If Bayern are not confident in Sagnol's ability to guide the club through the rest of the season - allowing them to take their time, cast a wide net and secure their perfect candidate next summer - there is one obvious appointment they could make.
That would be bringing Thomas Tuchel into the fold. The 44-year-old remains a free agent after leaving Borussia Dortmund at the end of last season.
Tuchel has an impressive resume and is renowned as an astute tactical thinker, but he was never quite able to scale the heights Jurgen Klopp did at Signal Iduna Park.
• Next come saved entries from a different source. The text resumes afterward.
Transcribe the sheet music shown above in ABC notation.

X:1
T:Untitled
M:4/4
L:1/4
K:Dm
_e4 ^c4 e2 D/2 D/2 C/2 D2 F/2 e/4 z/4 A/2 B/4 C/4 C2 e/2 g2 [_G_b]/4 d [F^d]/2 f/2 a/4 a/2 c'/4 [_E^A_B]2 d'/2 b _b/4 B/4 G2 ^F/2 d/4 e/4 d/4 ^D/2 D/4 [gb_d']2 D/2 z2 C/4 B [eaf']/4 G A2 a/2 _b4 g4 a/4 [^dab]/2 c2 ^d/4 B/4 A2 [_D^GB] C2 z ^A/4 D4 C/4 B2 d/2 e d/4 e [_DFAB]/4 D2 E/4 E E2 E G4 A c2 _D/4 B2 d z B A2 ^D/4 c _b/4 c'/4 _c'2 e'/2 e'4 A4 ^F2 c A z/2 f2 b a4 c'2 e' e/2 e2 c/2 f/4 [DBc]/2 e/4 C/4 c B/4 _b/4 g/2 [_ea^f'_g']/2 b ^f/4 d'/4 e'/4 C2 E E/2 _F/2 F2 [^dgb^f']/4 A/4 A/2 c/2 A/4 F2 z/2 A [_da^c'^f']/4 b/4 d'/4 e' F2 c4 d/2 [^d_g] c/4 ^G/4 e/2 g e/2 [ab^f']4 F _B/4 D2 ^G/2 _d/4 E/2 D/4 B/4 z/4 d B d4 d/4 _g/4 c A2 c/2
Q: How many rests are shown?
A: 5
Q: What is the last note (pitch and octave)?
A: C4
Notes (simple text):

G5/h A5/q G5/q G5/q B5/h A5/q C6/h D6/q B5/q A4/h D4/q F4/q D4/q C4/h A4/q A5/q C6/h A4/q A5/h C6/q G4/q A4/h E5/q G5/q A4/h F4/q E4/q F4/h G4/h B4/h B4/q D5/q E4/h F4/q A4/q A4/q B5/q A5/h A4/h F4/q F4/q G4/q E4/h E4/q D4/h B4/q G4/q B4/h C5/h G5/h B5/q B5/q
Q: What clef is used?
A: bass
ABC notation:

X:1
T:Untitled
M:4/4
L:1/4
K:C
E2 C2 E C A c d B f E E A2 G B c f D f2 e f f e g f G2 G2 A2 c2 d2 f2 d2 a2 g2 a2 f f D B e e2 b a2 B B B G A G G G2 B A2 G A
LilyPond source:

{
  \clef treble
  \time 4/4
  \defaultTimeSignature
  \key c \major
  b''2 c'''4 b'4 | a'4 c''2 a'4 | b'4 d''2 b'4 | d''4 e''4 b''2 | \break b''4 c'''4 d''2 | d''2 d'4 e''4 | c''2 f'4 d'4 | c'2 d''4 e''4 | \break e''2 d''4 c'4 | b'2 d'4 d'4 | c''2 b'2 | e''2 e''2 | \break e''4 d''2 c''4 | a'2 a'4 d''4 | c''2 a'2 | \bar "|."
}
The DFB-Pokal he left with in May was the only trophy Dortmund won during his tenure.
Klopp, though, was not competing against Pep Guardiola's dominant Bayern side when he picked up back-to-back Bundesliga titles.
If Bayern are going to appoint Tuchel, they have to really believe he is the man for the job in the short and long term. There is no way a 'project' manager like the ex-Mainz coach would be happy simply to fill in until the end of the season.
Tuchel would be coming in to take the club forwards over the next three years, not to stop the bleeding while Bayern mull over their options.
2. JULIAN NAGELSMANN
There has been plenty of speculation suggesting Hoffenheim wunderkind Julian Nagelsmann is the coach Bayern want next.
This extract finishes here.